%%

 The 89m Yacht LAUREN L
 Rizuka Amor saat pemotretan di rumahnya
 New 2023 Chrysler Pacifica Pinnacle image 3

%%

TASK GOAL —
Return each line above exactly.

WRITTEN REPLY —
 The 89m Yacht LAUREN L
 Rizuka Amor saat pemotretan di rumahnya
 New 2023 Chrysler Pacifica Pinnacle image 3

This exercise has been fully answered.